En ‘El desierto blanco’ (Anagrama), el escritor Luis López Carrasco escribe que “¿Quién era el destinatario del regalo en que se había convertido nuestra ciudad? Esperábamos ser nosotros porque, ¿quién podría vivir dentro de un regalo que no es para uno?”. Algunas ciudades parecen camino de convertirse en esas resplandecientes cajas de regalo doradas, coronadas por espléndidos lazos rojos, que adornan los árboles de los centros comerciales en Navidad. Dentro de ellas, sin embargo, no hay nada, salvo papel cartón.
El domingo conocimos que el alcalde de Sevilla, José Luis Sanz, propone cerrar y perimetrar la plaza de España, uno de los principales reclamos turísticos de la ciudad, cobrando entrada a turistas y visitantes. Monetizar el turismo no es nada nuevo, sucede vía tasa turística en muchos lugares, pero esta propuesta llama más la atención al tratarse de una plaza, un lugar concebido históricamente como un foro público y como punto espontáneo de reunión y encuentro.
El ejemplo más claro de esta nueva modalidad de ciudades de pago es Venecia, transformada ya en una suerte de decorado para turistas boquiabiertos, una línea de guion del ‘El show de Truman’, un parque temático instagrameable, una postal plegable de sí misma. En Madrid también experimentas una sensación similar en algunas zonas, aunque no exista ningún peaje turístico. La Plaza del Callao, por ejemplo, lleva meses convertida en un soporte publicitario descomunal para plataformas de streaming o marcas. Hace unas semanas apareció por ahí la versión folclórica de Godzilla, una muñeca flamenca de ocho metros de altura y doce metros de ancho, teaser de una campaña de Cruzcampo. O unos meses antes, atravesar la plaza suponía sortear coches abandonados y vegetación falsa por la promoción de la serie ‘The Last of us’. Mañana, quién sabe, igual aparece un medidor de maletas de quince metros de altura, como reclamo publicitario de Ryanair. Callao ya se parece al regalo sorpresa de un huevo Kinder. Un proceso estratégicamente diseñado para que parezca benigno, inofensivo e incluso intrascendente, aunque no lo sea.
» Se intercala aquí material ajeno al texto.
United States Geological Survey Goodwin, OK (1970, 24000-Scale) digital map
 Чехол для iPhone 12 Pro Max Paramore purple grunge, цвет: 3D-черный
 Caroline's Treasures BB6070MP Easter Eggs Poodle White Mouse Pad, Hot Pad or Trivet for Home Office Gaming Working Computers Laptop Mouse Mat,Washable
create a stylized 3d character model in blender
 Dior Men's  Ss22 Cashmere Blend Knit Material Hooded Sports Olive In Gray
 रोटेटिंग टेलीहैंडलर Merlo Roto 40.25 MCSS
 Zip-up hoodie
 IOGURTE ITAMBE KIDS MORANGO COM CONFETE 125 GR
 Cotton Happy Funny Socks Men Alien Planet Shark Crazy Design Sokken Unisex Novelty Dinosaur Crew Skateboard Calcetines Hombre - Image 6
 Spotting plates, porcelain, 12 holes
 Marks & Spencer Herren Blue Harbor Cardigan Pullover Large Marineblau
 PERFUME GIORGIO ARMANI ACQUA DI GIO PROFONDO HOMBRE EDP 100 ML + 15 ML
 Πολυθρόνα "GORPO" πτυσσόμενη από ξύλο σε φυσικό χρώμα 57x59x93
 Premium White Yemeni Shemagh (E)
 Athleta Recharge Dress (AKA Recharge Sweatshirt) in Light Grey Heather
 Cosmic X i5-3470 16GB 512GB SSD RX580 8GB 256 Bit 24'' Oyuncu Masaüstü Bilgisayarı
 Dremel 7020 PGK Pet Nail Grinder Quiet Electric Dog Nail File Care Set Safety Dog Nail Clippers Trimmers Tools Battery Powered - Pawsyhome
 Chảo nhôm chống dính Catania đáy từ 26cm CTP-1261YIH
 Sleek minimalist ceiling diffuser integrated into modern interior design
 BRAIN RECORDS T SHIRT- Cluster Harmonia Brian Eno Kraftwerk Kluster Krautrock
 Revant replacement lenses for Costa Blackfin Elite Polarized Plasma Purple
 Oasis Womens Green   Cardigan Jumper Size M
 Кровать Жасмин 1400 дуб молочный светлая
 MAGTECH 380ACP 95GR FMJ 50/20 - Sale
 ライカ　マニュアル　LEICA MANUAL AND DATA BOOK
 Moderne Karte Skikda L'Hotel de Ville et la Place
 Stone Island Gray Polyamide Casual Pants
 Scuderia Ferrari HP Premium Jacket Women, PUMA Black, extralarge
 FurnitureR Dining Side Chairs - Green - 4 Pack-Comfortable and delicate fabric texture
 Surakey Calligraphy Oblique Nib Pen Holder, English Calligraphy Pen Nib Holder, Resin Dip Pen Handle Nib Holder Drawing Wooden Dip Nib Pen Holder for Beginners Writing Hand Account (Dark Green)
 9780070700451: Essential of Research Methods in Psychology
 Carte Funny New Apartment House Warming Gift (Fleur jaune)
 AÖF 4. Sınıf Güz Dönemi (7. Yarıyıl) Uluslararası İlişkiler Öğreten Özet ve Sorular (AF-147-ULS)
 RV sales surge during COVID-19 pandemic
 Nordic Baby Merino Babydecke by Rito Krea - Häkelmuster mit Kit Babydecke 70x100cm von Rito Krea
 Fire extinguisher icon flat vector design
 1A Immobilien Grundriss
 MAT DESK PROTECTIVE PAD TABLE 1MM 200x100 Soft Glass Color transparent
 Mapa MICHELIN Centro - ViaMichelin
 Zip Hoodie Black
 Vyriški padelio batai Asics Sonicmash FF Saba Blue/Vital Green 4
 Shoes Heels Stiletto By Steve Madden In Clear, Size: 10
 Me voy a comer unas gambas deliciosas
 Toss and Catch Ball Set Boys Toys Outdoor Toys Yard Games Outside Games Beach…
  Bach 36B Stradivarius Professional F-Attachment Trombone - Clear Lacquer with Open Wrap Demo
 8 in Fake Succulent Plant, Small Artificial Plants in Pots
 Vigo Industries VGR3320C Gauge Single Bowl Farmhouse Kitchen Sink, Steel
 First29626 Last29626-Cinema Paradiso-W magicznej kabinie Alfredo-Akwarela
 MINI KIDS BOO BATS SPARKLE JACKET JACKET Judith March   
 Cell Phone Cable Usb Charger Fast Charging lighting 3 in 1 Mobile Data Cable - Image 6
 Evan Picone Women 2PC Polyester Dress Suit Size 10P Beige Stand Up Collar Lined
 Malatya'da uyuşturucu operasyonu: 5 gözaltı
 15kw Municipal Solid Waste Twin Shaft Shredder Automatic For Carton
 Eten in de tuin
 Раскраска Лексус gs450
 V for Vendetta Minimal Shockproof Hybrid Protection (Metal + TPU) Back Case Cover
Pero no solo son las plazas. En muchas aceras el espacio público ha sido ganado, si no arrebatado, por las terrazas de los bares. Si quieres sentarte, consume. Así de sencillo. Pero cuidado si vas a consumir solo. En algunas terrazas de la calle Blai o del Eixample de Barcelona incluso rechazan a clientes únicos en sus mesas. A más clientes sentados, más caja.
El sociólogo Richard Sennett denomina a los espacios públicos “privados” o parcialmente privatizados como “espacios públicos muertos” porque, dice, “en ellos se ha eliminado la esencia de la convivencia, la espontaneidad, el encuentro y esa pequeña pizca de caos”. El profesor de la Universidad de Lovaina y Oxford, Philippe Van Parijs, envió hace unos años una carta a varios medios de comunicación pidiendo “una rehabilitación drástica de los espacios públicos de nuestras ciudades, algo fundamental para que podamos contarles a nuestros hijos, a nuestros nietos: ”Os veréis obligados a consumir menos que nosotros y, sin embargo, tendréis una vida mejor que la nuestra“, decía. Su carta provocó una acción colectiva en Bruselas. Parte de la ciudad salió a la calle en el año 2014 a realizar un picnic gigante sobre la calzada reclamando más espacio público.
Claro que hay grises entre la creencia de que toda privatización o semi privatización es mala y la de que toda propiedad pública es buena. Algunas tasas pueden ayudar a la preservación y conservación de algunos lugares. Pero el espacio público debería ser un tema fundamental en el debate político municipal y no lo está siendo. El espacio público debería ser un derecho, no un privilegio. A menos que la intención sea que uno se termine pidiendo un café con tasa extra por consumir solo en una terraza de la Calle Toledo Sony Xperia.